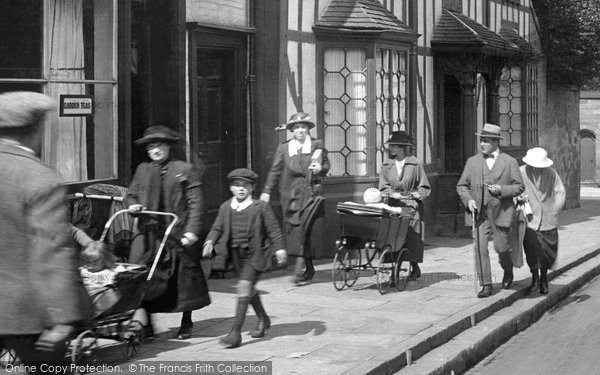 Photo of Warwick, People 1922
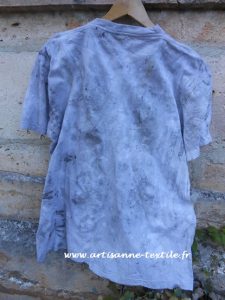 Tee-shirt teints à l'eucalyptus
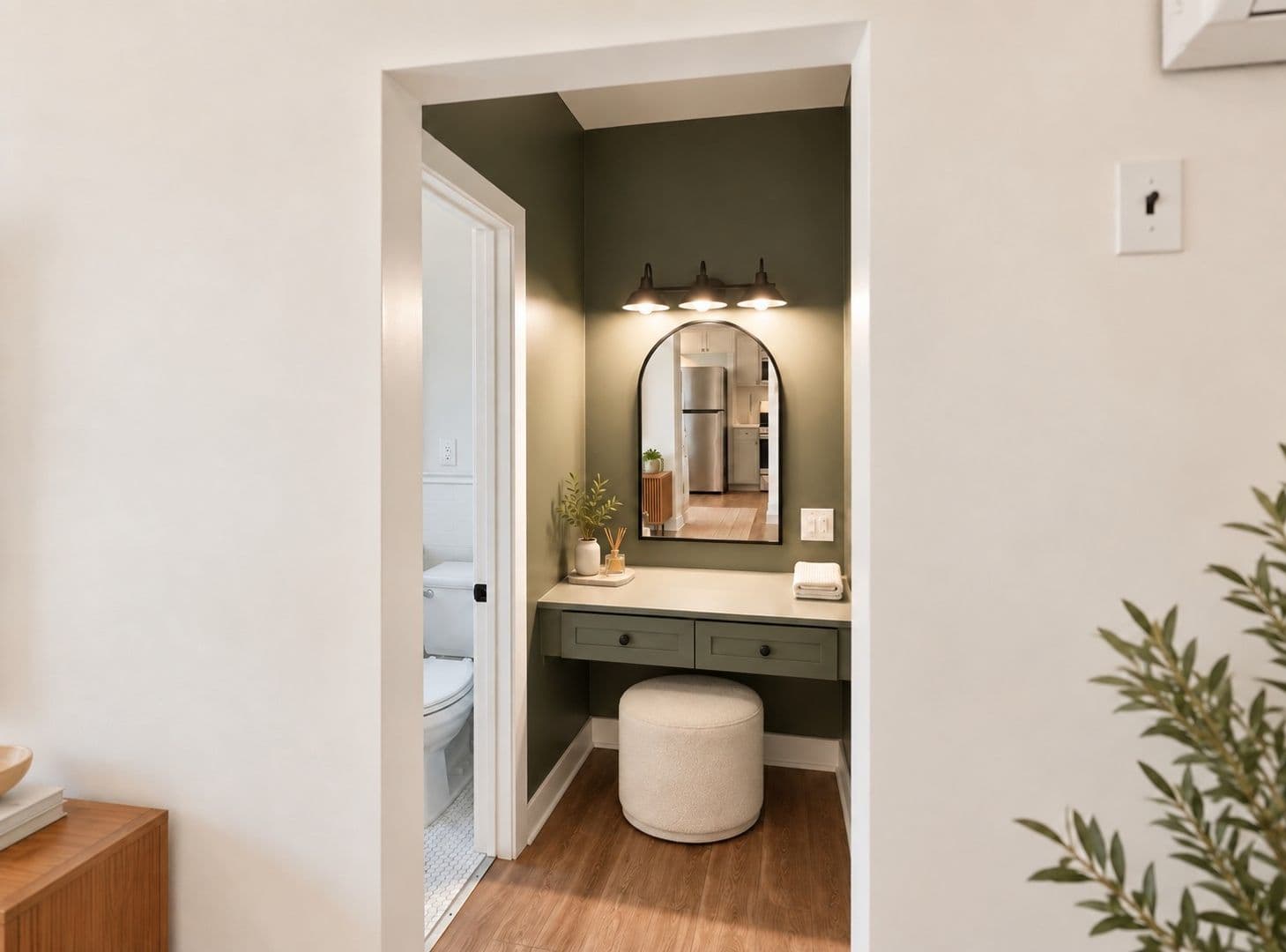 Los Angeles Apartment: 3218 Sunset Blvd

-=-=-=-=-

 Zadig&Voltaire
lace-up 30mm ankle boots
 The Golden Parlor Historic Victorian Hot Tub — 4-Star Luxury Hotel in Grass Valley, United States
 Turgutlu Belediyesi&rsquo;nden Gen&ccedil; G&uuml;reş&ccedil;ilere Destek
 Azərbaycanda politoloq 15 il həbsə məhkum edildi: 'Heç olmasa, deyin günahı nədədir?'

-=-=-=-=-

§ **YOUR OBJECTIVE**:
Take the stretch of lines above from the one containing "The Golden Parlor" through the one containing "Azərbaycanda politoloq 15" and repeat it exactly, adding no other line.

§ **SOLVED EXERCISE**:
 The Golden Parlor Historic Victorian Hot Tub — 4-Star Luxury Hotel in Grass Valley, United States
 Turgutlu Belediyesi&rsquo;nden Gen&ccedil; G&uuml;reş&ccedil;ilere Destek
 Azərbaycanda politoloq 15 il həbsə məhkum edildi: 'Heç olmasa, deyin günahı nədədir?'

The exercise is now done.